- ASSIGNMENT: The required output is an exact copy of the lines from the one containing "Slot Canyons Inn Bed & Breakfast photo 67" through the end of the entries below, with pictures removed.

- STUDY MATERIAL:
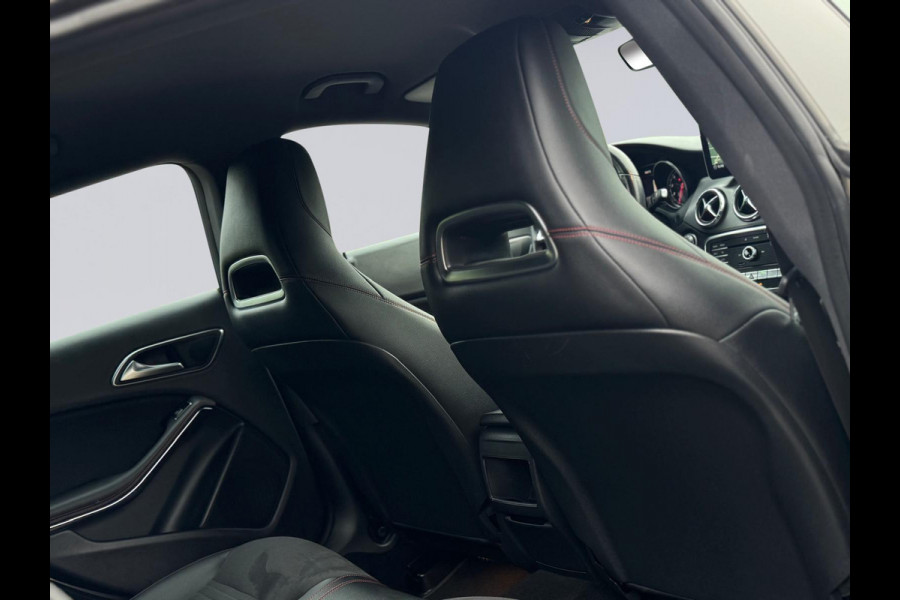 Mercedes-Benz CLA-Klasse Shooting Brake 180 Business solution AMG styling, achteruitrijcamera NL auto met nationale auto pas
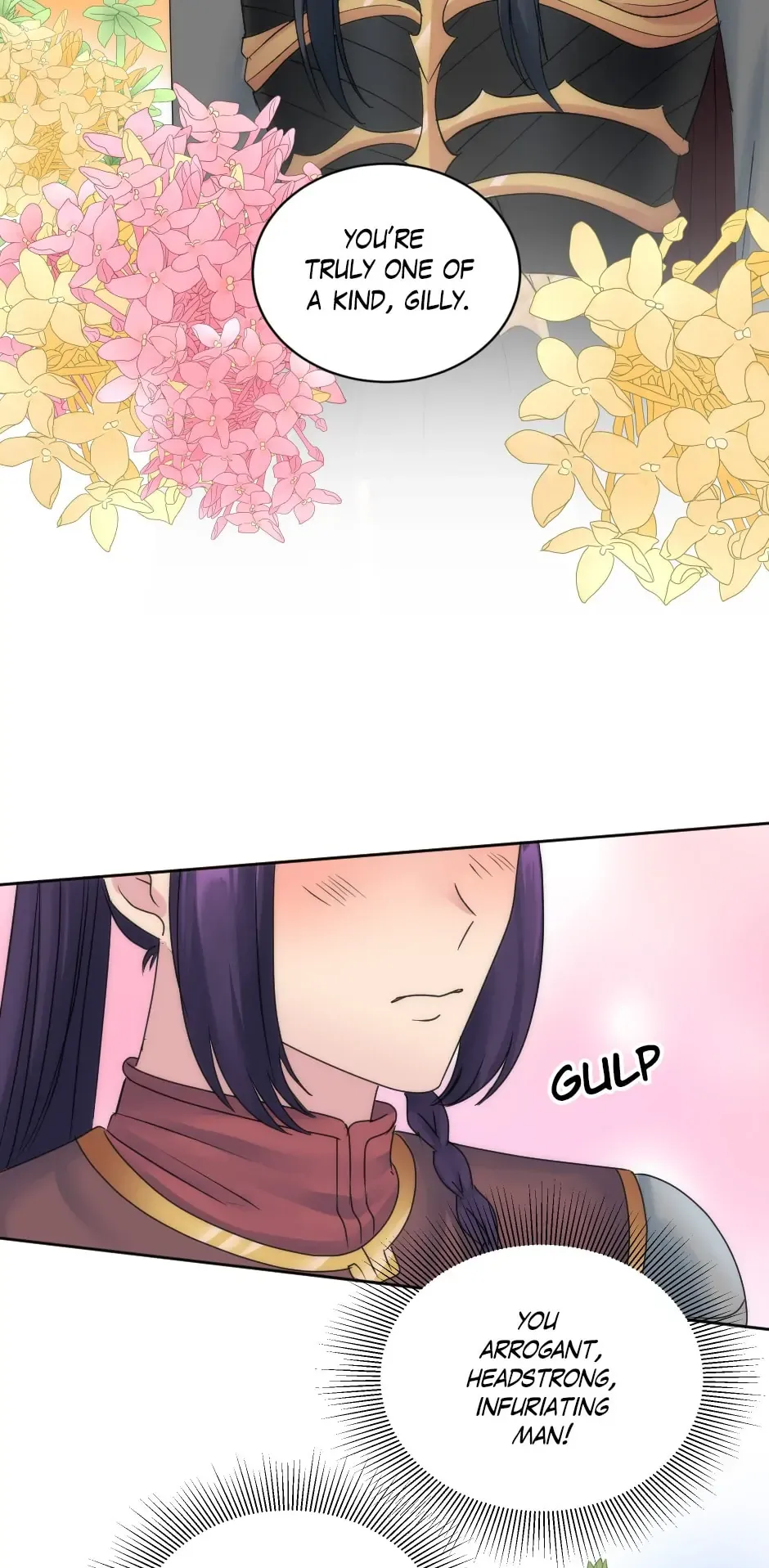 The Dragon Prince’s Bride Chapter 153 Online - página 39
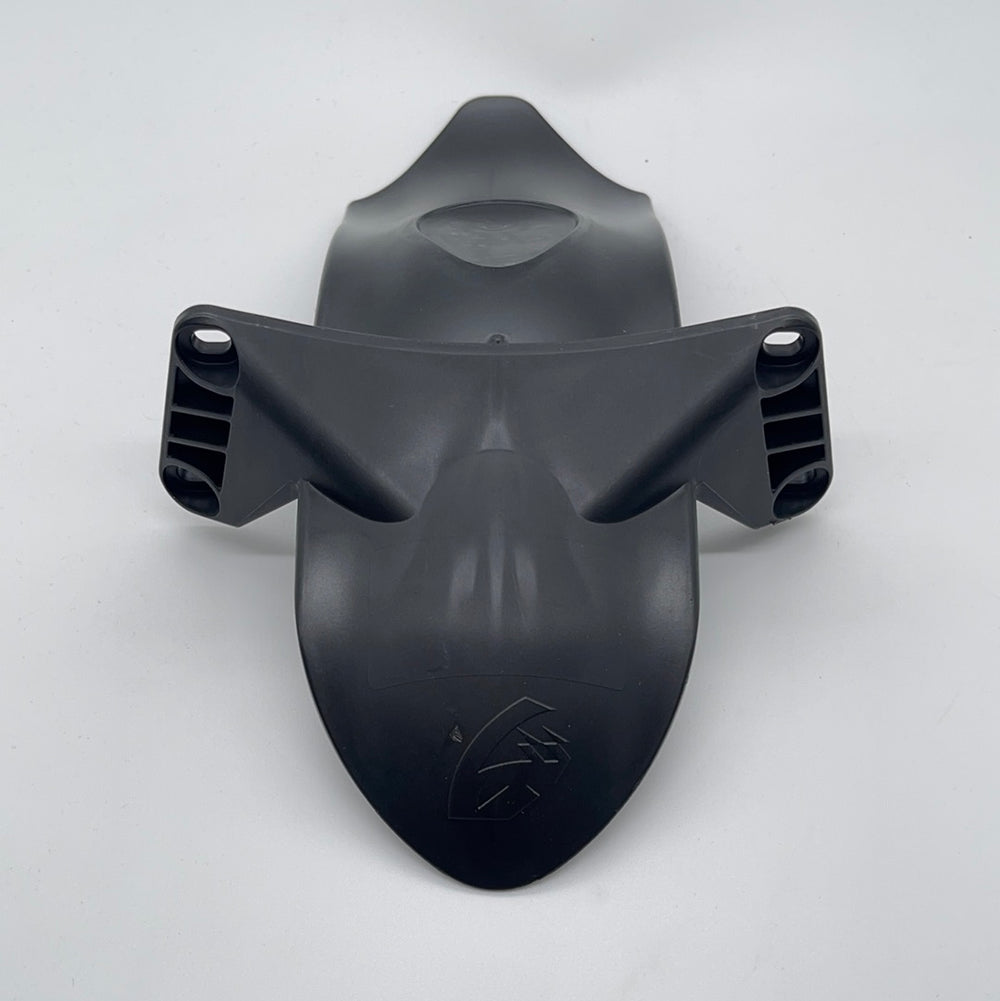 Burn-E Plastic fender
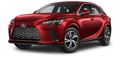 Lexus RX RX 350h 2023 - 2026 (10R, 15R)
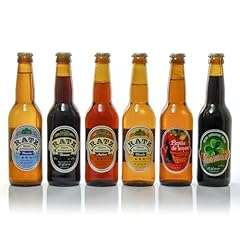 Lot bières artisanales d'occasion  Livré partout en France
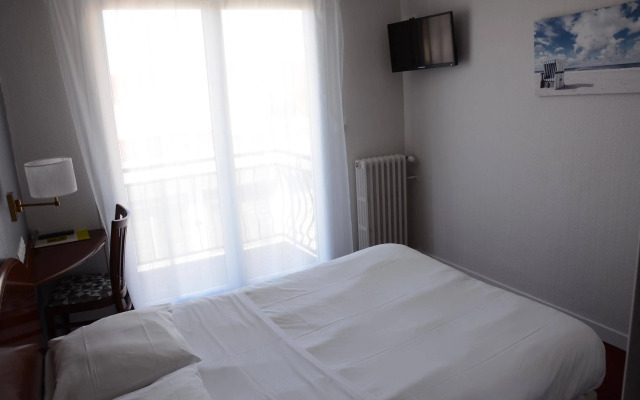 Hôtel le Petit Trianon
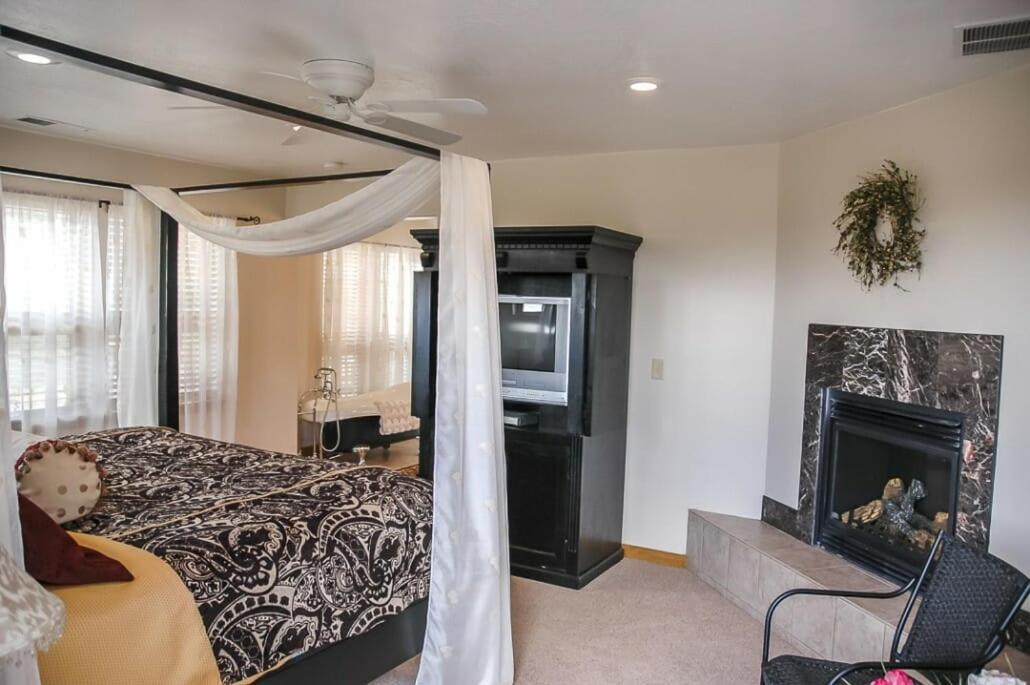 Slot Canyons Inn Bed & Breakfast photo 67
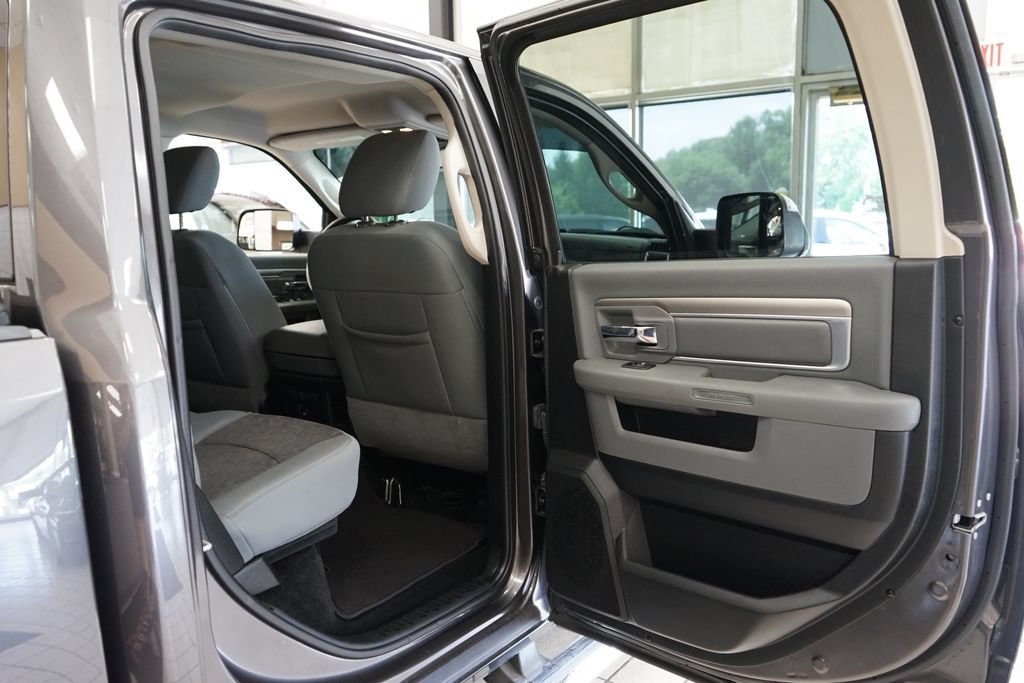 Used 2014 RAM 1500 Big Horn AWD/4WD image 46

- TASK RESPONSE:
 Slot Canyons Inn Bed & Breakfast photo 67
 Used 2014 RAM 1500 Big Horn AWD/4WD image 46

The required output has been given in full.